- [Task input]:
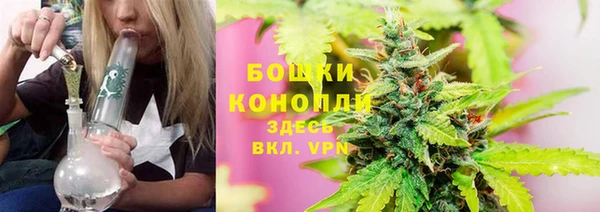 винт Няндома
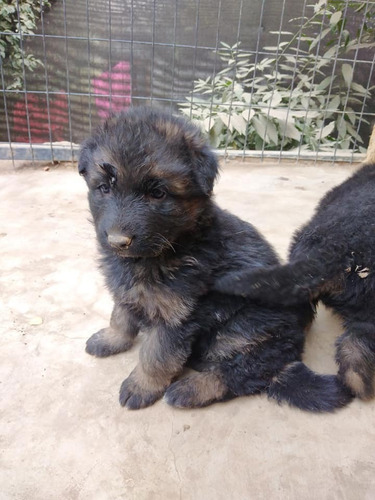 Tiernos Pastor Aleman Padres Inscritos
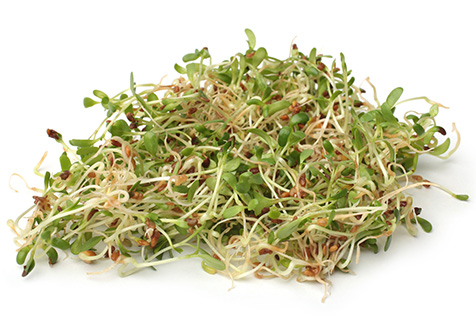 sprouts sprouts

---

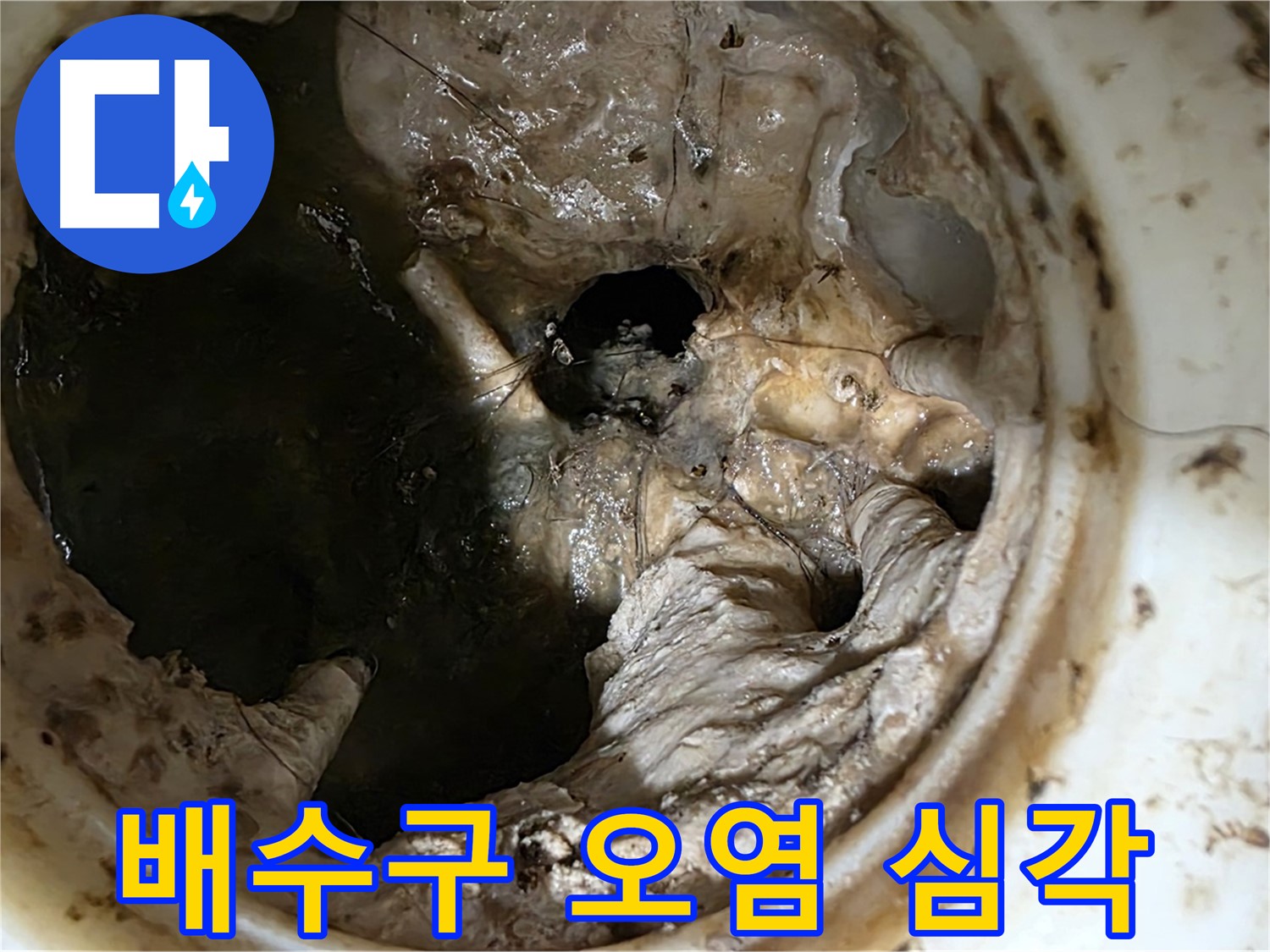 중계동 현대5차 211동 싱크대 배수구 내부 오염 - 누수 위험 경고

- [What you will do]: Write down exactly what the lines above say, from the line holding "винт Няндома" through the line holding "sprouts sprouts", and nothing more. Do not copy the pictures.

- [Answer section]:
 винт Няндома
 Tiernos Pastor Aleman Padres Inscritos
 sprouts sprouts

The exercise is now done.